§ WHAT THE EXERCISE ASKS: Please repeat the lines below, exactly and only, from the one that holds "Pharmaceutics 12 00594 g005" through the one that holds "Vector illustration of Dog head collection".

== Segment start ==

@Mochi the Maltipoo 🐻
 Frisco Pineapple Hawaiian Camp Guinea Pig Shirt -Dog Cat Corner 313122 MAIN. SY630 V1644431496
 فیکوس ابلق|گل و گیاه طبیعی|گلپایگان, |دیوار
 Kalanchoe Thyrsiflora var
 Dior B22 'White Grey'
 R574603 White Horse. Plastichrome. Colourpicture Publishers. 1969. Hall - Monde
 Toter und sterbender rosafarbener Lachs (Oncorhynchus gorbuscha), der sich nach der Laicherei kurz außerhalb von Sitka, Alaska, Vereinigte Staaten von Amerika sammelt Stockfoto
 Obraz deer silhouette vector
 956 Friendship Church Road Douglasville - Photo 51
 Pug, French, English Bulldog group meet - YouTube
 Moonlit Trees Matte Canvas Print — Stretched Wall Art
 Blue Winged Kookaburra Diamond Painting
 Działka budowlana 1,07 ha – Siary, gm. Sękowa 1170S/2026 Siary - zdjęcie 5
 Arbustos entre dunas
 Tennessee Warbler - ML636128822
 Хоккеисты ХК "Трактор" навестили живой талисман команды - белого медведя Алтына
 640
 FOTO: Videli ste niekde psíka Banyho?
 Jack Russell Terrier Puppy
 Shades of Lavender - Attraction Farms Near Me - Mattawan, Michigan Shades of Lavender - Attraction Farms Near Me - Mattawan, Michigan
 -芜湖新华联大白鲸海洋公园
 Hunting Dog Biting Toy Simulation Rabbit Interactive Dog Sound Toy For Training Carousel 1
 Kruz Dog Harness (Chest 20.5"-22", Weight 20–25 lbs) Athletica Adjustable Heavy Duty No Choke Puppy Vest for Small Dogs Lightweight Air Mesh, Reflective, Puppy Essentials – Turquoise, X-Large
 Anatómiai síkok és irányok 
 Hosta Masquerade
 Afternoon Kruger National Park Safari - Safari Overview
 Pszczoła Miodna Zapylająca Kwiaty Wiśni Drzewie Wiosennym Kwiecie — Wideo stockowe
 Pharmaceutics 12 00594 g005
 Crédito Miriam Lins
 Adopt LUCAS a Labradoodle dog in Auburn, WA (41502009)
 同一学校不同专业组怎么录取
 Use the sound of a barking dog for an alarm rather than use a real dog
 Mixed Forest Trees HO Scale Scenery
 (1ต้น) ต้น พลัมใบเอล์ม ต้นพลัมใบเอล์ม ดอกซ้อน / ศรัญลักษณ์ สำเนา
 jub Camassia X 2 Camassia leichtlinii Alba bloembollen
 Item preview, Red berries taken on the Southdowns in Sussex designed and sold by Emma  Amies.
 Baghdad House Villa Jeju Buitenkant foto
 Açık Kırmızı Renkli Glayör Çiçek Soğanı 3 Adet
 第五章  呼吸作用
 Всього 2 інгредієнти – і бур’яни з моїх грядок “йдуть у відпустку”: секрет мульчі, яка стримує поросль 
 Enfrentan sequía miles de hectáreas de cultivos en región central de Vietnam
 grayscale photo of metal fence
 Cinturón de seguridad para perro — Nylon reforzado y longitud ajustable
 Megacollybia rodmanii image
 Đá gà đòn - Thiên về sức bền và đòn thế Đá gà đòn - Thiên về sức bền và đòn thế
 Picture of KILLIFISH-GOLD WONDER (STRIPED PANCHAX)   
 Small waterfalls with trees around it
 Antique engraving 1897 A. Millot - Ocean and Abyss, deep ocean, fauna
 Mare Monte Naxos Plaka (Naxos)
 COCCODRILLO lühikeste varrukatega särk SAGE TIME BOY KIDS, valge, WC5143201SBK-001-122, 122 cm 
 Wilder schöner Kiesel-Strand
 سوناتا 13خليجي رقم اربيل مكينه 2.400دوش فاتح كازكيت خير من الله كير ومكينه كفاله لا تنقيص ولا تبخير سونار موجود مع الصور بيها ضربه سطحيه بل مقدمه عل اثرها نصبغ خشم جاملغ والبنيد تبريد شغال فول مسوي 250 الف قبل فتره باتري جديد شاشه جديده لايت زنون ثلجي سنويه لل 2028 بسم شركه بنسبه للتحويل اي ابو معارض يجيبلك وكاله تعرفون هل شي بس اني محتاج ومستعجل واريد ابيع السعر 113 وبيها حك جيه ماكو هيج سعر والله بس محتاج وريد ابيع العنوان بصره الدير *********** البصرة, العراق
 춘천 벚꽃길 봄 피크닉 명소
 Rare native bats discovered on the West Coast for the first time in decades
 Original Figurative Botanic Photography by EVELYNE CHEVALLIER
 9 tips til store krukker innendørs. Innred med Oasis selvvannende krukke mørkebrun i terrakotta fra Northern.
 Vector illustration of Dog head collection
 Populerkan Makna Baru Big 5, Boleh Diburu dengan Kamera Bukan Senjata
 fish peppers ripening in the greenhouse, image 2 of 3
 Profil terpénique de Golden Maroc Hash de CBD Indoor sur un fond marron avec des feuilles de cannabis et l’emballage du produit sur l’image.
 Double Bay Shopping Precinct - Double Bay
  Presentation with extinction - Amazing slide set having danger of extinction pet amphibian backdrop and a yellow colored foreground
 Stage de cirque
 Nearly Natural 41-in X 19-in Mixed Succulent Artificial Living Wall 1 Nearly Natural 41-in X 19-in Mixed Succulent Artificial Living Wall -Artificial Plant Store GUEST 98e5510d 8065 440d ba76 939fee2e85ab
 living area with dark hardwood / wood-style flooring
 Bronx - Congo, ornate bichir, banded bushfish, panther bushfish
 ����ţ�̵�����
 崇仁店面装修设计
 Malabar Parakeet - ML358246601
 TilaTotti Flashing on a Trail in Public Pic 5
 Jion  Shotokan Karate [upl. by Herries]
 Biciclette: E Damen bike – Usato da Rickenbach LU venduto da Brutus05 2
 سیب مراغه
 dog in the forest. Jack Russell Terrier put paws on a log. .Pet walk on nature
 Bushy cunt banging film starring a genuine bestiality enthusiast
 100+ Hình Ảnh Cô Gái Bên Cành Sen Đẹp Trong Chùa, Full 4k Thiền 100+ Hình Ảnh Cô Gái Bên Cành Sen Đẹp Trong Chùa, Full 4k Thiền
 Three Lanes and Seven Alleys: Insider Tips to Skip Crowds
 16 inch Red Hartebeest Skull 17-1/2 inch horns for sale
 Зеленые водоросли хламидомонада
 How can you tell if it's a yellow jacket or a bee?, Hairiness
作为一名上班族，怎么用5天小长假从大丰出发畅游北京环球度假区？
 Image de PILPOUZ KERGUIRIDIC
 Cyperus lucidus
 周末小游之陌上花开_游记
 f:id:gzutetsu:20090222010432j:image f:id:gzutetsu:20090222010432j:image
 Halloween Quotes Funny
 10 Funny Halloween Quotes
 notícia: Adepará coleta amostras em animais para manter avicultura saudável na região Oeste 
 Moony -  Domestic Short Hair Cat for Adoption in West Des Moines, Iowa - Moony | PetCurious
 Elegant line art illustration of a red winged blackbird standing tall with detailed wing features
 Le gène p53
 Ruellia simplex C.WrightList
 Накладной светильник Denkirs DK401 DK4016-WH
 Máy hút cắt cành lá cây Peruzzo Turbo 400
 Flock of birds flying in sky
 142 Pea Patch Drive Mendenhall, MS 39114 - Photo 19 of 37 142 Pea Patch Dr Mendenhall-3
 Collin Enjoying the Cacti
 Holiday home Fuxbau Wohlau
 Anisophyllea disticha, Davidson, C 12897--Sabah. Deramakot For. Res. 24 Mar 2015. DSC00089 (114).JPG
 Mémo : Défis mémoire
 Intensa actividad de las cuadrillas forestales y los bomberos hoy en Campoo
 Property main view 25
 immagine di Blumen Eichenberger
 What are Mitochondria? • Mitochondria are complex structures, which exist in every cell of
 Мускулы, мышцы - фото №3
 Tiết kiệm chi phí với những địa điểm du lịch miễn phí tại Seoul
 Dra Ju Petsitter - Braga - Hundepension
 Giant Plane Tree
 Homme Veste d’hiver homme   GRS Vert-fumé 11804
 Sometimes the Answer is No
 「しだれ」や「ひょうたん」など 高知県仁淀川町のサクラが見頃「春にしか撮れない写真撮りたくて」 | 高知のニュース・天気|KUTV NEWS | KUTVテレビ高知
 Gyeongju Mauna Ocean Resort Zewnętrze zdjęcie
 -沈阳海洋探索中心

== Segment end ==

§ WRITTEN ANSWER:
 Pharmaceutics 12 00594 g005
 Crédito Miriam Lins
 Adopt LUCAS a Labradoodle dog in Auburn, WA (41502009)
 同一学校不同专业组怎么录取
 Use the sound of a barking dog for an alarm rather than use a real dog
 Mixed Forest Trees HO Scale Scenery
 (1ต้น) ต้น พลัมใบเอล์ม ต้นพลัมใบเอล์ม ดอกซ้อน / ศรัญลักษณ์ สำเนา
 jub Camassia X 2 Camassia leichtlinii Alba bloembollen
 Item preview, Red berries taken on the Southdowns in Sussex designed and sold by Emma  Amies.
 Baghdad House Villa Jeju Buitenkant foto
 Açık Kırmızı Renkli Glayör Çiçek Soğanı 3 Adet
 第五章  呼吸作用
 Всього 2 інгредієнти – і бур’яни з моїх грядок “йдуть у відпустку”: секрет мульчі, яка стримує поросль 
 Enfrentan sequía miles de hectáreas de cultivos en región central de Vietnam
 grayscale photo of metal fence
 Cinturón de seguridad para perro — Nylon reforzado y longitud ajustable
 Megacollybia rodmanii image
 Đá gà đòn - Thiên về sức bền và đòn thế Đá gà đòn - Thiên về sức bền và đòn thế
 Picture of KILLIFISH-GOLD WONDER (STRIPED PANCHAX)   
 Small waterfalls with trees around it
 Antique engraving 1897 A. Millot - Ocean and Abyss, deep ocean, fauna
 Mare Monte Naxos Plaka (Naxos)
 COCCODRILLO lühikeste varrukatega särk SAGE TIME BOY KIDS, valge, WC5143201SBK-001-122, 122 cm 
 Wilder schöner Kiesel-Strand
 سوناتا 13خليجي رقم اربيل مكينه 2.400دوش فاتح كازكيت خير من الله كير ومكينه كفاله لا تنقيص ولا تبخير سونار موجود مع الصور بيها ضربه سطحيه بل مقدمه عل اثرها نصبغ خشم جاملغ والبنيد تبريد شغال فول مسوي 250 الف قبل فتره باتري جديد شاشه جديده لايت زنون ثلجي سنويه لل 2028 بسم شركه بنسبه للتحويل اي ابو معارض يجيبلك وكاله تعرفون هل شي بس اني محتاج ومستعجل واريد ابيع السعر 113 وبيها حك جيه ماكو هيج سعر والله بس محتاج وريد ابيع العنوان بصره الدير *********** البصرة, العراق
 춘천 벚꽃길 봄 피크닉 명소
 Rare native bats discovered on the West Coast for the first time in decades
 Original Figurative Botanic Photography by EVELYNE CHEVALLIER
 9 tips til store krukker innendørs. Innred med Oasis selvvannende krukke mørkebrun i terrakotta fra Northern.
 Vector illustration of Dog head collection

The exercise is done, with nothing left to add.